In the 26 years since the Yellowstone conflagration, the lessons from those fires have been gradually implemented as fire policy. These practices include allowing natural fires to burn, increasing the practice of controlled burns, controlling fuels in populated areas, and improving safety and fire prevention advice for homeowners in hazard areas.

But the funding mechanisms have been slow to recognize that wildfires have become a major hazard affecting a broad swath of land and people. Further, some federal policies do not appear to be in agreement when it comes to addressing wildfires. For instance, President Barack Obama’s new budget is calling for a change in the way the federal government pays for fighting wildfires, while his climate change policies focus on fire prevention.

Obama’s proposal asks Congress to finance fire fighting the same way it deals with other large-scale natural hazards, such as hurricanes and tornadoes.
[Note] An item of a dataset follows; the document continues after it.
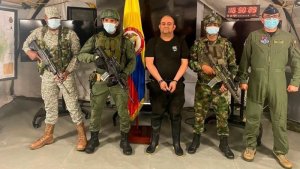 Colombia: Umucuruzi w'ibiyobyabwenge wa mbere washakishwaga cyane yafashwe
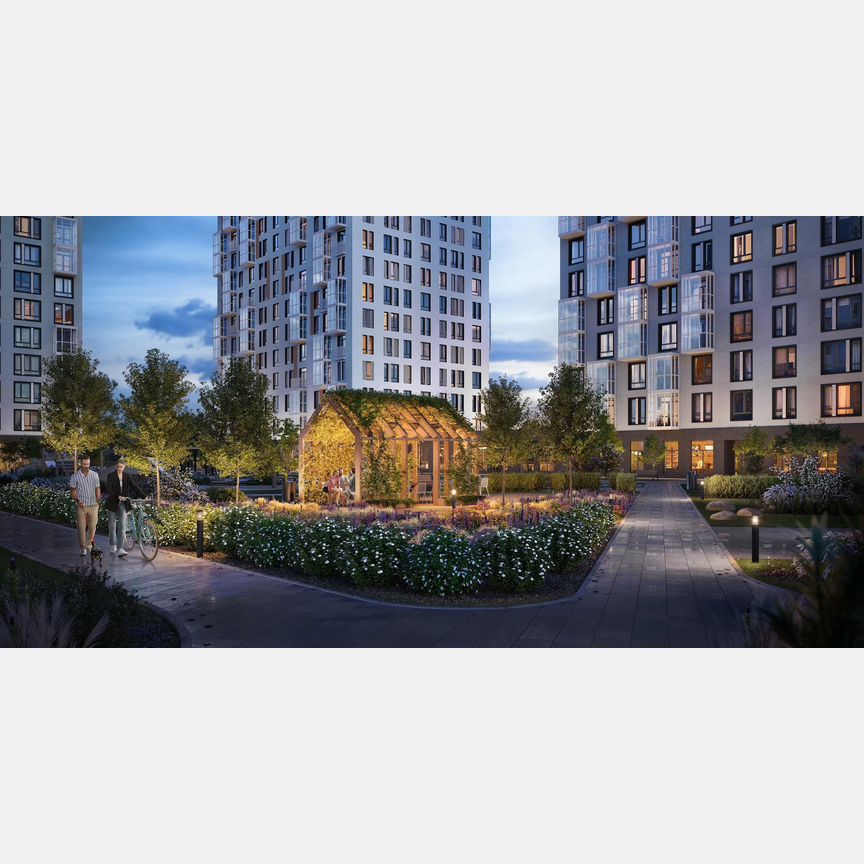 1-к. квартира, 37,7 м², 11/12 эт.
Namely, when large rare events occur, such as Hurricanes Katrina or Sandy, the Federal Emergency Management Agency is authorized to exceed its budget and use a special disaster account. The Obama proposal would extend that kind of response to the agencies most involved in firefighting—the departments of Interior and Agriculture, according to the Washington Post The Interior Department is responsible for America’s national parks, while Agriculture houses the U.S. Forest Service.

President Obama’s funding proposal emerges against a stark backdrop: since the 1988 Yellowstone fires the West has experienced a sharp increase in the number and size of large wildfires, as shown in this graph produced by Climate Central. And the future looks hotter. The National Research Council estimates that for every 1.8 degrees Fahrenheit of temperature increase the size of the area burned in the American West will quadruple. Global warming estimates show an increase by 2050 of between 2 and 4 degrees Fahrenheit.
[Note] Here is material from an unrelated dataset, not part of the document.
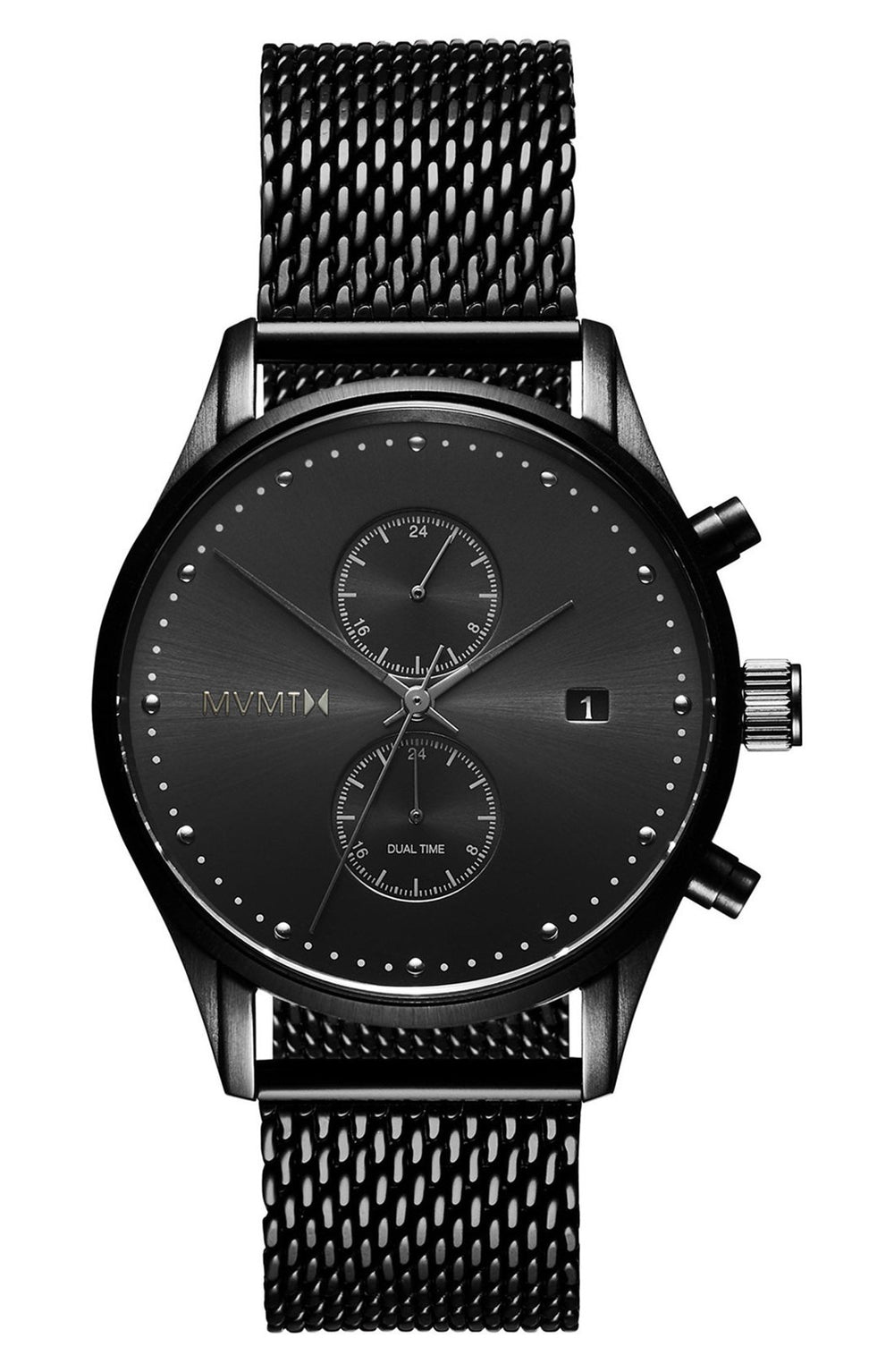 MVMT Black Chain Watch [ PREMIUM MATERIALS]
In fact, the administration’s Climate Change Action Plan, released last June, states federal agencies “will expand and prioritize forest and rangeland restoration efforts in order to make natural areas and communities less vulnerable to catastrophic fire.”

Such preventive practices seem to be a task made for Sisyphus, as major demographic changes have put more people in the way of wildfires as they move into the wildland-urban interface (WUI). A report by the independent research firm Headwaters Economics, titled the Rising Cost of Wildfire Protection says that in the 1990s the cost of federal wildfire protection was about $1 billion a year. In the last 10 years, that cost has mushroomed to $3 billion annually.
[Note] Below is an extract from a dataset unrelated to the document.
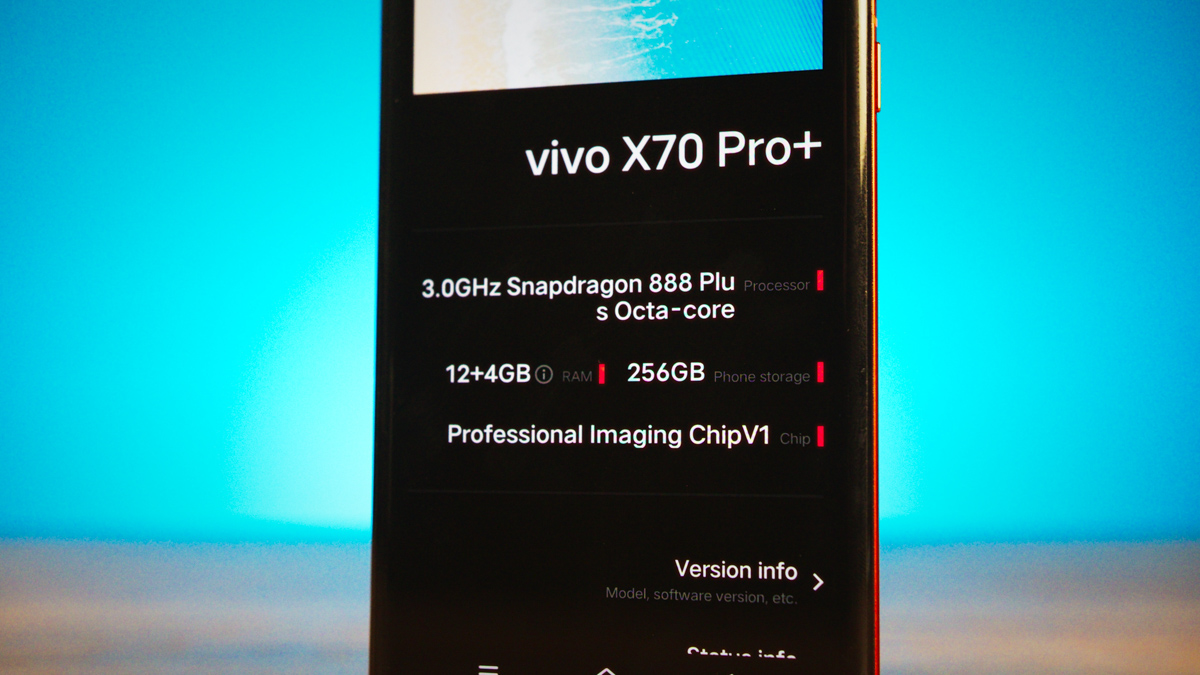Vivo X70 프로+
“This tripling of federal fire protection expenses is partly due to the more severe fire seasons, but it also results from building homes in and near forests and other wildlands that are at risk from wildfires—the Wildland-Urban Interface,” the report adds. “While protecting the private lands of the WUI is largely a state and local responsibility, the development in the WUI has raised federal wildfire costs.”

An article in the Washington Post highlights the rising costs of megafires. “In recent years, the most extreme 1 percent of all wildfires have consumed 30 percent of total fire suppression budgets,” he article states. “The government has spent about $1.4 billion per year over the last 10 years fighting fires. The Rim Fire, which burned hundreds of thousands of acres near Yosemite National Park in California last year, cost more than $100 million alone.”

The Post argues that the administration’s wildfire funding proposal should avoid the partisan wrangling that has paralyzed much other legislation. The Obama proposal, according to the Post, is based on a Senate bill sponsored by Senators Ron Wyden, Democrat of Oregon, and Michael D. Crapo, Republican of Idaho. A similar bill in the House also has bipartisan support. And a coalition of environmentalists, sportsmen, and timber producers has lobbied in support of the bill, the paper reports. It’s hard to imagine, but it’s never too late to hope for bipartisan support on this hot-button issue.